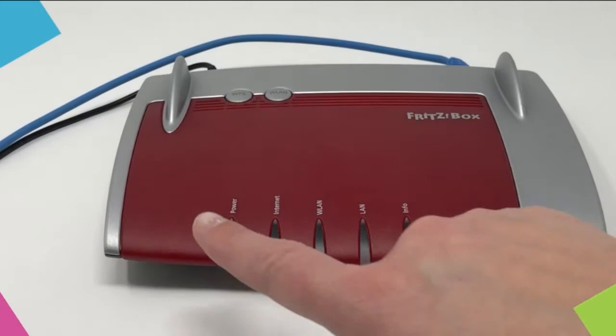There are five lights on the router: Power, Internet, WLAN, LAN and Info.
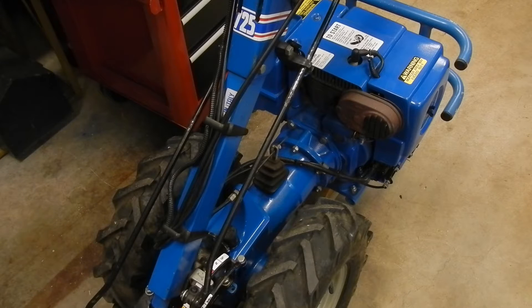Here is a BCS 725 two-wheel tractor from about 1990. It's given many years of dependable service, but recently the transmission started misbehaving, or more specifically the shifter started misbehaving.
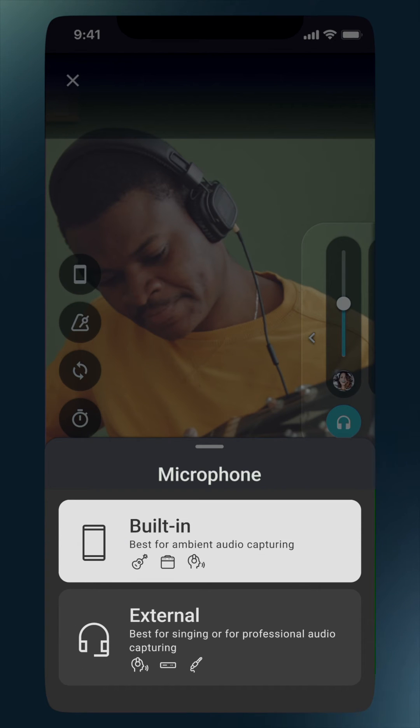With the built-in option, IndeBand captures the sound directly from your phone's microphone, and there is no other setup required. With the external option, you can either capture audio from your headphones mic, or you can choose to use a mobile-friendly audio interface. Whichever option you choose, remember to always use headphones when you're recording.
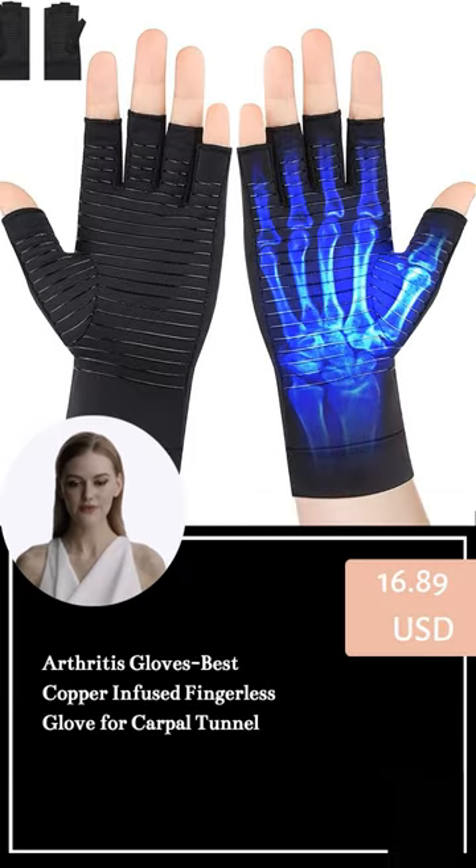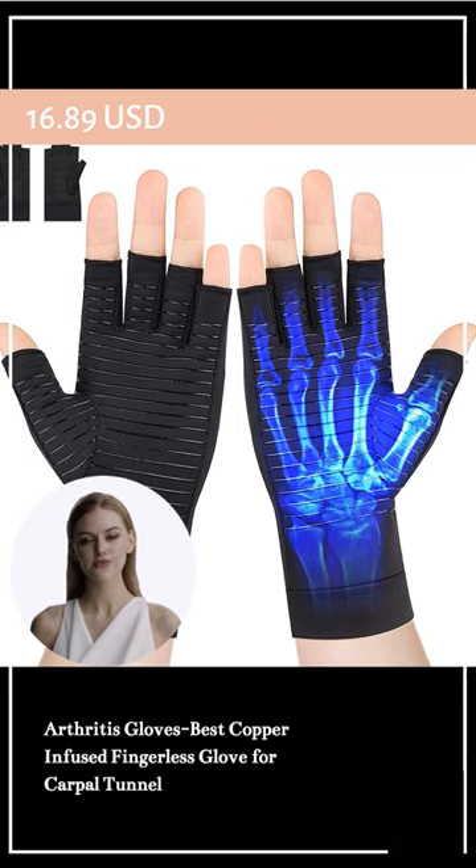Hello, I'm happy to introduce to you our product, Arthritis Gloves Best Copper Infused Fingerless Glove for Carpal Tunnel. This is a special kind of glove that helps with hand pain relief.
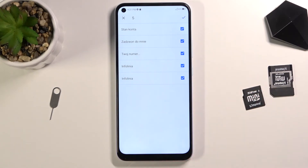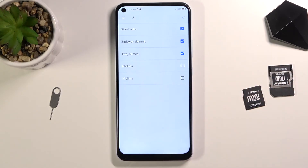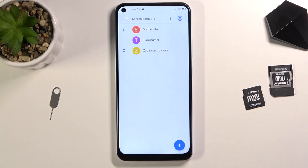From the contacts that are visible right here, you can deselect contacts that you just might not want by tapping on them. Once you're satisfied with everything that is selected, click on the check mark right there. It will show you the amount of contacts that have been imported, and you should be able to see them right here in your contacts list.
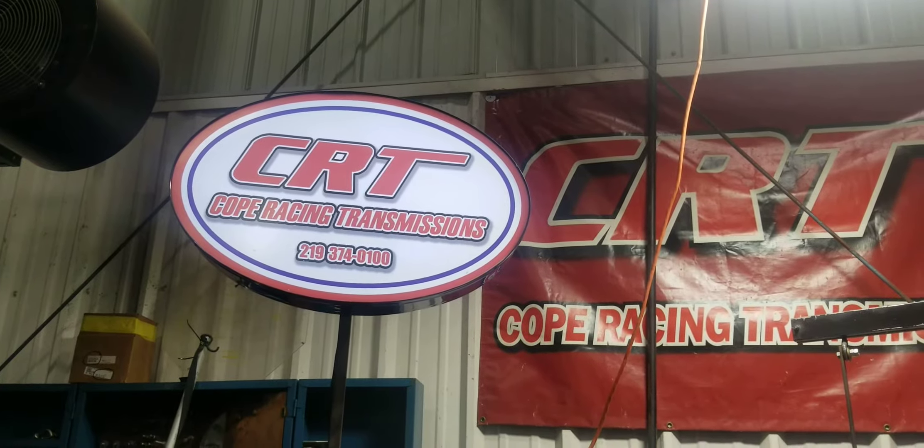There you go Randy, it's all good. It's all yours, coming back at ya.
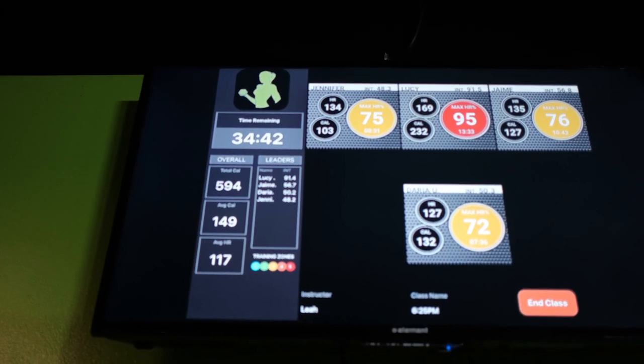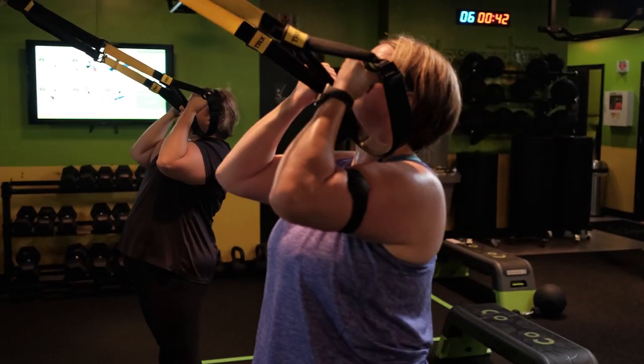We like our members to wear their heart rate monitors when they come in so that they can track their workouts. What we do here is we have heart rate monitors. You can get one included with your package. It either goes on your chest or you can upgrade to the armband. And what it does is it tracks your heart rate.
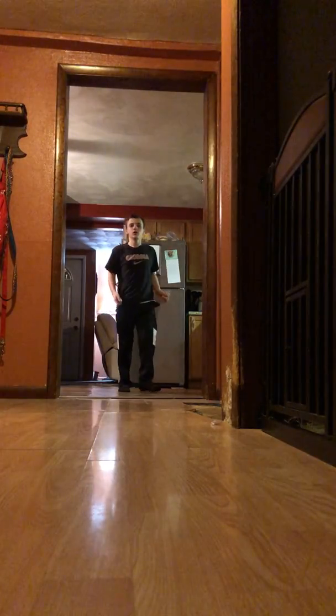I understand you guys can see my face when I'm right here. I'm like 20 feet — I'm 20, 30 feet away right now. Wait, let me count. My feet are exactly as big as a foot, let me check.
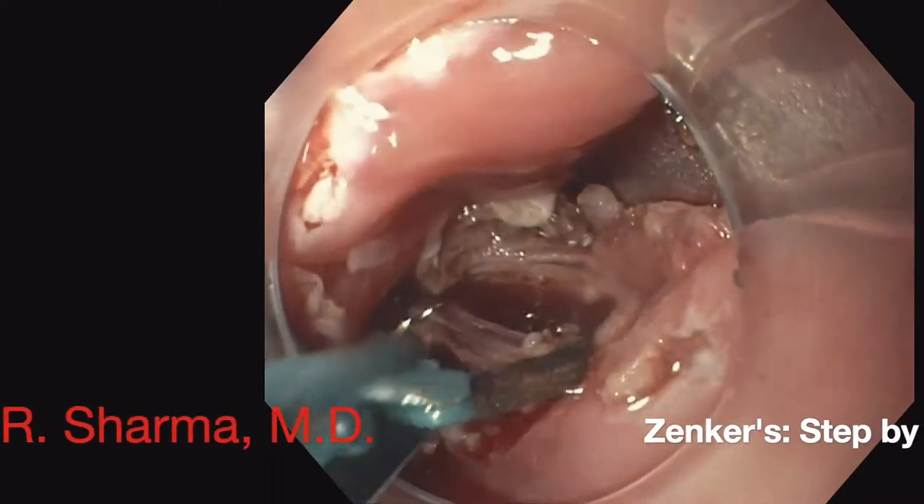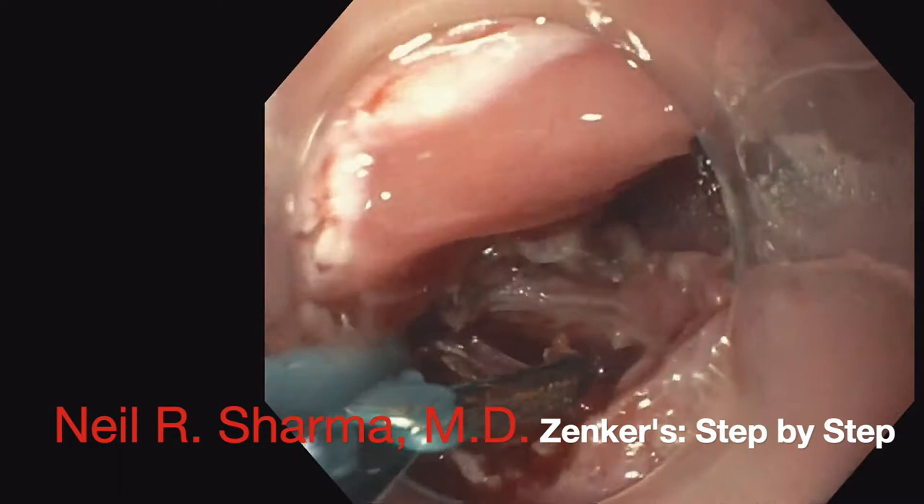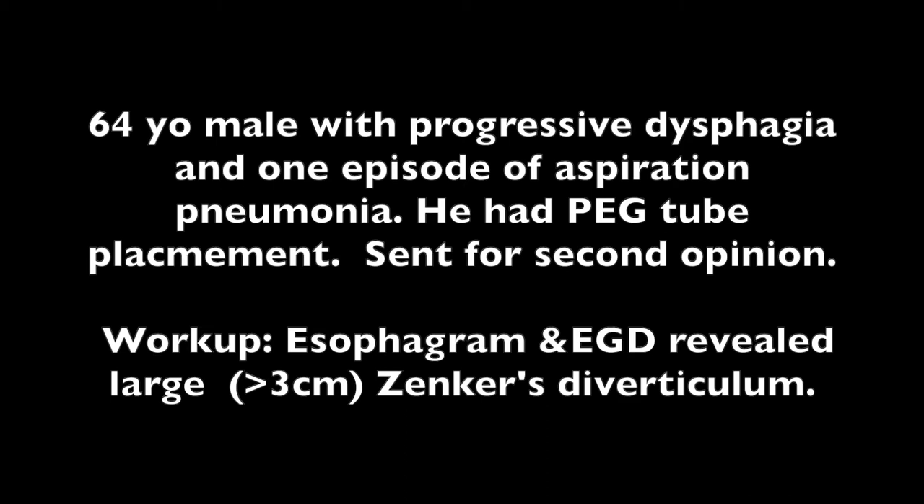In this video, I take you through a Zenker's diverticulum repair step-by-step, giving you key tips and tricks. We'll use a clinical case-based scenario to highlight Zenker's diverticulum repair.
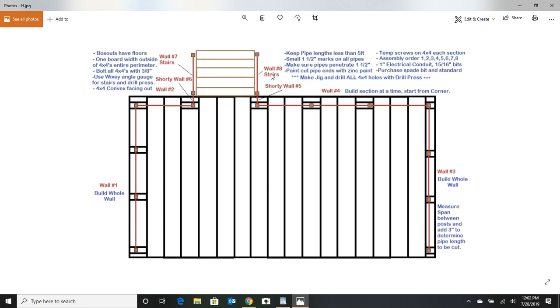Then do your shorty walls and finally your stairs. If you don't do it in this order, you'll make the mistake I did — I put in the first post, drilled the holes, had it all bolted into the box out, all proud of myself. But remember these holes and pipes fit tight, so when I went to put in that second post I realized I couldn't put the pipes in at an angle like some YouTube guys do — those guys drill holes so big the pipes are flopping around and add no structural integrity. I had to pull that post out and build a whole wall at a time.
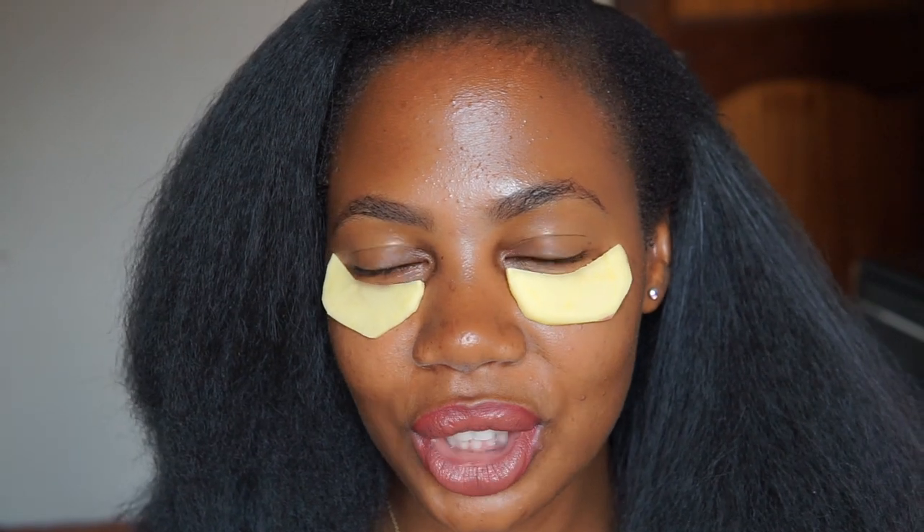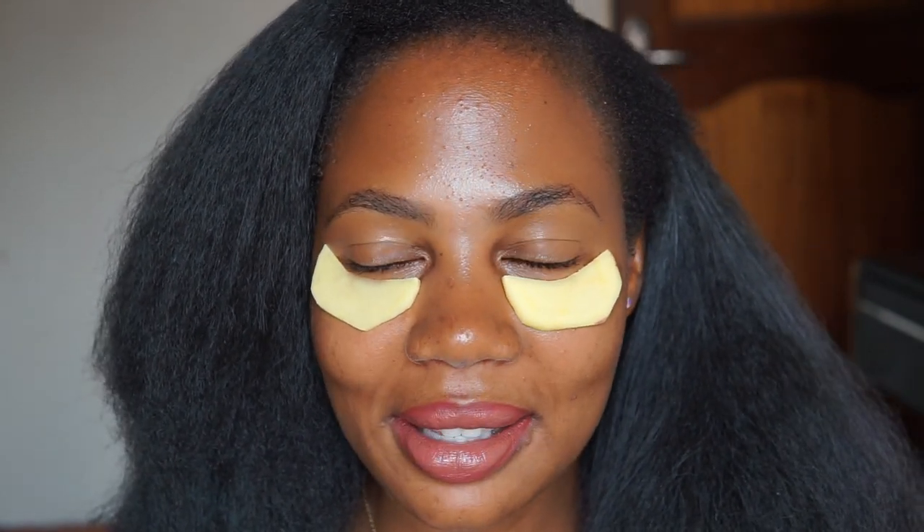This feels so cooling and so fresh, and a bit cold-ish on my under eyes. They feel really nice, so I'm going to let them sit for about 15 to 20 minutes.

Problem to solve — In the records above, everything from the line with "There you go" down to the line with "I understand you" is to be set down exactly, both ends included, with no pictures and no other lines.

Answer area —
There you go Randy, it's all good. It's all yours, coming back at ya.
We like our members to wear their heart rate monitors when they come in so that they can track their workouts. What we do here is we have heart rate monitors. You can get one included with your package. It either goes on your chest or you can upgrade to the armband. And what it does is it tracks your heart rate.
I understand you guys can see my face when I'm right here. I'm like 20 feet — I'm 20, 30 feet away right now. Wait, let me count. My feet are exactly as big as a foot, let me check.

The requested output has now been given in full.